What Makes an Easy-Access Account Different
An easy-access savings account gives you:
- No notice period — you can withdraw the same day or next working day
- No penalty for withdrawing — you lose no interest for taking money out
- Variable rate — the interest rate can go up or down at any time
This last point matters. Unlike a fixed-rate account, where you lock in today’s rate for the full term, an easy-access account’s rate can change whenever the provider decides. Rates tend to follow the Bank of England base rate, but providers don’t automatically pass on base rate changes — they can, and often do, cut rates independently.

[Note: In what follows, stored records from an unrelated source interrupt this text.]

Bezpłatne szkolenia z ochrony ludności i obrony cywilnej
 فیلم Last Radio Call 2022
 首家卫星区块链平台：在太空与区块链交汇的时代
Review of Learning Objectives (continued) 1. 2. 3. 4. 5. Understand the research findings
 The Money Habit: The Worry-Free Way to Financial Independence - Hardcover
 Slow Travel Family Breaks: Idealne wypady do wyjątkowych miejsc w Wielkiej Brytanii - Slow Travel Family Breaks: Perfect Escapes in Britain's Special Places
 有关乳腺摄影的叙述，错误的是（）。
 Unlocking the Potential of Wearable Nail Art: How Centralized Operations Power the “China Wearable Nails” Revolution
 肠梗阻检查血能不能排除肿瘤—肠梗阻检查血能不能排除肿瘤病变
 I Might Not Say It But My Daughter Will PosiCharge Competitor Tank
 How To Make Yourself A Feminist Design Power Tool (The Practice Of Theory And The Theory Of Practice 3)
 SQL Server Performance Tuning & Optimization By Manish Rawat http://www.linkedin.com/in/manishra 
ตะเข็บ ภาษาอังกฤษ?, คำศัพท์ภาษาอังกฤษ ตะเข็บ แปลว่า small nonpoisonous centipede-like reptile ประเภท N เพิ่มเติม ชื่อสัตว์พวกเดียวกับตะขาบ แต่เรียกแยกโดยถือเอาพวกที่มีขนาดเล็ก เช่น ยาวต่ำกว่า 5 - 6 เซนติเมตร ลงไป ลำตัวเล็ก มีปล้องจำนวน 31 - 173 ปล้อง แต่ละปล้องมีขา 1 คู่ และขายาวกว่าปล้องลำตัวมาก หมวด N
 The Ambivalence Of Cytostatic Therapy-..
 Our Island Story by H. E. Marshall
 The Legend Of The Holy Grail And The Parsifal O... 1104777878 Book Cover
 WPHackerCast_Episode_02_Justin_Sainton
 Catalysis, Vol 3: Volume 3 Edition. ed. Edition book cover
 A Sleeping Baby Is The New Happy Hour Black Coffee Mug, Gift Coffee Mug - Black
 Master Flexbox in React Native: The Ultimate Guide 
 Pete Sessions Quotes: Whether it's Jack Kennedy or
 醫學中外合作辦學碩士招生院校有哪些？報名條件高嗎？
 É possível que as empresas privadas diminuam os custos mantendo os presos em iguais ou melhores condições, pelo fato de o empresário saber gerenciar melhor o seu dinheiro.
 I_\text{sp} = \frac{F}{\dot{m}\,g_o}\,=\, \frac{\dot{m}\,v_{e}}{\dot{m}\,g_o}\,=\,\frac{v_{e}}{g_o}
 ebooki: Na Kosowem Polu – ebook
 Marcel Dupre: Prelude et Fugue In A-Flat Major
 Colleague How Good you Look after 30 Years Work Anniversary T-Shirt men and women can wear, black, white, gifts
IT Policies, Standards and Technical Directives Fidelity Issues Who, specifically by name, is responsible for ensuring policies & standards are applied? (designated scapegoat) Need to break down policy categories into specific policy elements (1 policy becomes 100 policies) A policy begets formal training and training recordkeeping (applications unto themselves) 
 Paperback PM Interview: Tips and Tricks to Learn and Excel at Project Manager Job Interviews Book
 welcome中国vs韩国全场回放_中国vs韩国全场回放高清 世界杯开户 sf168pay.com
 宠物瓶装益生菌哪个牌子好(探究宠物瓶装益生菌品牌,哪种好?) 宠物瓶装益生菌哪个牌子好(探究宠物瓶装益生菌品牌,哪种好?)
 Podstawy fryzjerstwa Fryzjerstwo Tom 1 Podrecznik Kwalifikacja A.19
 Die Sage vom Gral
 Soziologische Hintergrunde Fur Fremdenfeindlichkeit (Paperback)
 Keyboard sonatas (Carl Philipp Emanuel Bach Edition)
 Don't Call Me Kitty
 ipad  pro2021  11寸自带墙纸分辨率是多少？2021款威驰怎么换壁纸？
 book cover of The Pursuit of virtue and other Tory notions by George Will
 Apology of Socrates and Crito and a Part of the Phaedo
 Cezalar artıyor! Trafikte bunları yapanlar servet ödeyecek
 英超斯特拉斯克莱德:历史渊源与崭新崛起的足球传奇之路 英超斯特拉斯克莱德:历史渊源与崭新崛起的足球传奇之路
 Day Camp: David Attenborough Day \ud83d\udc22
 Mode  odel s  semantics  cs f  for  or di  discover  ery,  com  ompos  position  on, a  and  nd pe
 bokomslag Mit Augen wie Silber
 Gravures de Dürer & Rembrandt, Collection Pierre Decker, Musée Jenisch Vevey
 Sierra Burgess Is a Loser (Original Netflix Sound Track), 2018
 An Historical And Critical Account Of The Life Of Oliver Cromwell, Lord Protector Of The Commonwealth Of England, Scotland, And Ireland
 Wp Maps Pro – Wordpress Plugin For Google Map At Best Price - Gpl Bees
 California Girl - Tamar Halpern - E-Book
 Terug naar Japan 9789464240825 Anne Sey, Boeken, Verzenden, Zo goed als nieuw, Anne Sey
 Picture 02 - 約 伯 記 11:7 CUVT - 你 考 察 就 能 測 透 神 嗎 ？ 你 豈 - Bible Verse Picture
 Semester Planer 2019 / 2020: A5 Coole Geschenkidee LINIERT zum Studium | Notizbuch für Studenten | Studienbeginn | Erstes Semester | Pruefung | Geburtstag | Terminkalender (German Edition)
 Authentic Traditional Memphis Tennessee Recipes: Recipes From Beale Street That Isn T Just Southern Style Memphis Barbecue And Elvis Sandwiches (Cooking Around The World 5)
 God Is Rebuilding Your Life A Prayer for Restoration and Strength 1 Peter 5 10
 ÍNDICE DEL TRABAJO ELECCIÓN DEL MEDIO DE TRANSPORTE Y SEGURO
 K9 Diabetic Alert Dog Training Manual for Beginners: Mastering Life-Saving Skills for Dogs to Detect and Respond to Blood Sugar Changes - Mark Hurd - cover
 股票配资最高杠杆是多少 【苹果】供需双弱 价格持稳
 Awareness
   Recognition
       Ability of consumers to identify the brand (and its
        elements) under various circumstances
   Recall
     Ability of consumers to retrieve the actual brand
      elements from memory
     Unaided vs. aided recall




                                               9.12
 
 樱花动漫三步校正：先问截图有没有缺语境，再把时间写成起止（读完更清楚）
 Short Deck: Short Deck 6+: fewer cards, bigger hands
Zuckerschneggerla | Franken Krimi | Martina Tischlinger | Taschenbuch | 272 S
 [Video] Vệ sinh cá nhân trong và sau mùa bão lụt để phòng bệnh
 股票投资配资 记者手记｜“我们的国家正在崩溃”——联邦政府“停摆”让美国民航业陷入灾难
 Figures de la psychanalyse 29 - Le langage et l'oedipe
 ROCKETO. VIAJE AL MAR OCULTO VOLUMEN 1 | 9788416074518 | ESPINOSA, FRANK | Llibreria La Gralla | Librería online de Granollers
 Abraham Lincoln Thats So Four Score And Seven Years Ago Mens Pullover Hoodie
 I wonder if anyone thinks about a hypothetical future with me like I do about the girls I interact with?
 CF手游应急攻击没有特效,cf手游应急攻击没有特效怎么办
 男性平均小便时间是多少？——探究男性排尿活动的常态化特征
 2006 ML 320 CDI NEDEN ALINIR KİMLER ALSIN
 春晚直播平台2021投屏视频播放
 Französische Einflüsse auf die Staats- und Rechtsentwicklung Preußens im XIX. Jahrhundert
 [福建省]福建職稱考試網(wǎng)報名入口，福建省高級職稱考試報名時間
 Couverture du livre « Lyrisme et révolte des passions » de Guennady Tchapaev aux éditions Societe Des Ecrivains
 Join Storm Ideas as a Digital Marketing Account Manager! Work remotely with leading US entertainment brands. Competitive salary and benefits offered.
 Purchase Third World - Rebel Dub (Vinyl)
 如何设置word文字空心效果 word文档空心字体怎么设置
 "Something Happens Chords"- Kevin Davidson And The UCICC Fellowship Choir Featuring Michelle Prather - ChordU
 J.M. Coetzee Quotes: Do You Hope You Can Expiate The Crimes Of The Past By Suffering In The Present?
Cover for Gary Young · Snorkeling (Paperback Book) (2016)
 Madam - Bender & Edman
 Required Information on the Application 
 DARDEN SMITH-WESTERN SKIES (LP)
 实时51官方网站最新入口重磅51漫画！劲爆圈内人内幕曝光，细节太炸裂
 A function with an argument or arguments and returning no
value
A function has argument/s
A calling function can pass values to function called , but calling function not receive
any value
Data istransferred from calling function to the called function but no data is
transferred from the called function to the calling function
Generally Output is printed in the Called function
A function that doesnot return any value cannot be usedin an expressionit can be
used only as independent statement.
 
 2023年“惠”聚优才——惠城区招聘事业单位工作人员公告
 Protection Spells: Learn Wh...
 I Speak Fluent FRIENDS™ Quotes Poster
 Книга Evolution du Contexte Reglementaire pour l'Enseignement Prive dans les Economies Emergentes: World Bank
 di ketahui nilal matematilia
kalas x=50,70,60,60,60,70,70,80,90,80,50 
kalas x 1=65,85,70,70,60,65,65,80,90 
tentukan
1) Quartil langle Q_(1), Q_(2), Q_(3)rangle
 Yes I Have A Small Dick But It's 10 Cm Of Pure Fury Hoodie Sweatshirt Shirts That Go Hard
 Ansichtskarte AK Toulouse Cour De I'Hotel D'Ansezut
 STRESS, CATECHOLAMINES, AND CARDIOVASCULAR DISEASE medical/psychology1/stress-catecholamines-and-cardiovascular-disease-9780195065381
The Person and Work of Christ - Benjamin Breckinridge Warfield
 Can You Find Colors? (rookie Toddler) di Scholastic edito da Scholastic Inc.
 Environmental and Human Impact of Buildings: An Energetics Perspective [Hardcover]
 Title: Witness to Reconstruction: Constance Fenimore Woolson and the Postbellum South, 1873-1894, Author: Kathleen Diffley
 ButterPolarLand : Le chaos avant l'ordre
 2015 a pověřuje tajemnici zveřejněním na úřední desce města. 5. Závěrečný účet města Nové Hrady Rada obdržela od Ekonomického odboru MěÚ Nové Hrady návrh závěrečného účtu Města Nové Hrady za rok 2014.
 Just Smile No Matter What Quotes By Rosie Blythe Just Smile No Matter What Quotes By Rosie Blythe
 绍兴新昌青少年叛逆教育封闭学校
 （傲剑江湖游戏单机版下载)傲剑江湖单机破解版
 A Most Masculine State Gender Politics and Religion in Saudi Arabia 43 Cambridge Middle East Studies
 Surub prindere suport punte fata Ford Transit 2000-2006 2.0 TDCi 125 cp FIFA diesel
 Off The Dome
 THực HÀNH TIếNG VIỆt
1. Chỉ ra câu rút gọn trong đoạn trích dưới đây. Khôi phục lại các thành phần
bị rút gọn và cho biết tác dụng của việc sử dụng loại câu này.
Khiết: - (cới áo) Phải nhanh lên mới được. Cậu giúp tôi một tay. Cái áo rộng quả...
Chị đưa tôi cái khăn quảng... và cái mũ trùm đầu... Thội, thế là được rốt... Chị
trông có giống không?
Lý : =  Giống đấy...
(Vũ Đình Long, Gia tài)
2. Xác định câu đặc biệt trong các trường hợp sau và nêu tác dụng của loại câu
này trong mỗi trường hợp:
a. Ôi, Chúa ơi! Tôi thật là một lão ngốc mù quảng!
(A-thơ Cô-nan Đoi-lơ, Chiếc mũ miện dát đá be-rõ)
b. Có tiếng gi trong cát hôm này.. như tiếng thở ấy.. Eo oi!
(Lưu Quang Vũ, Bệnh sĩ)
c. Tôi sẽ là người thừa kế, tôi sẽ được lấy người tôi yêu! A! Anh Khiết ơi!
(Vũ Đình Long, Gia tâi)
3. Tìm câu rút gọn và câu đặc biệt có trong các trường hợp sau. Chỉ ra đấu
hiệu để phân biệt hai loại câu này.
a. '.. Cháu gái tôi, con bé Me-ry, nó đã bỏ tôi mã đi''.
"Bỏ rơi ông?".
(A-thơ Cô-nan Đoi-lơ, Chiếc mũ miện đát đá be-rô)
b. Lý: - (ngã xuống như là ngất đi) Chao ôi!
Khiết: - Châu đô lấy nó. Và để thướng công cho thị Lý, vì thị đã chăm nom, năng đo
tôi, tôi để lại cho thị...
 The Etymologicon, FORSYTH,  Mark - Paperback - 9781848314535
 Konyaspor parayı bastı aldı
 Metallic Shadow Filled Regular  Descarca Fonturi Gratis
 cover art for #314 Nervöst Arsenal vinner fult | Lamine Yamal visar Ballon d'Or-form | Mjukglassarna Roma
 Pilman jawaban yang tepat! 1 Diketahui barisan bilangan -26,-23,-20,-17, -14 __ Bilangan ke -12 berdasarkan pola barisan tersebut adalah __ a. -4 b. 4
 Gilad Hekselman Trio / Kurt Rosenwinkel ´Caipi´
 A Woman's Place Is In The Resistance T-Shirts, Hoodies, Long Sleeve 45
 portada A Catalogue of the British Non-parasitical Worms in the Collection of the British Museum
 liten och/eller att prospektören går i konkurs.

The right time to use an easy-access account is for money you genuinely might need at short notice — primarily your emergency fund. For savings you’re confident you won’t touch for 12 months or more, a notice account or fixed-rate bond will typically offer a higher rate.
The High Street vs Challenger Bank Gap
One of the most important facts about easy-access savings in the UK is the persistent rate gap between traditional high street banks and digital challenger banks.
In May 2026, the top easy-access rates available on the market are around 4.8–5.0% AER, offered predominantly by app-based or online-only providers. The same customer who receives 0.5–1.5% from their high street bank’s standard saver account is leaving hundreds of pounds per year on the table simply by not shopping around.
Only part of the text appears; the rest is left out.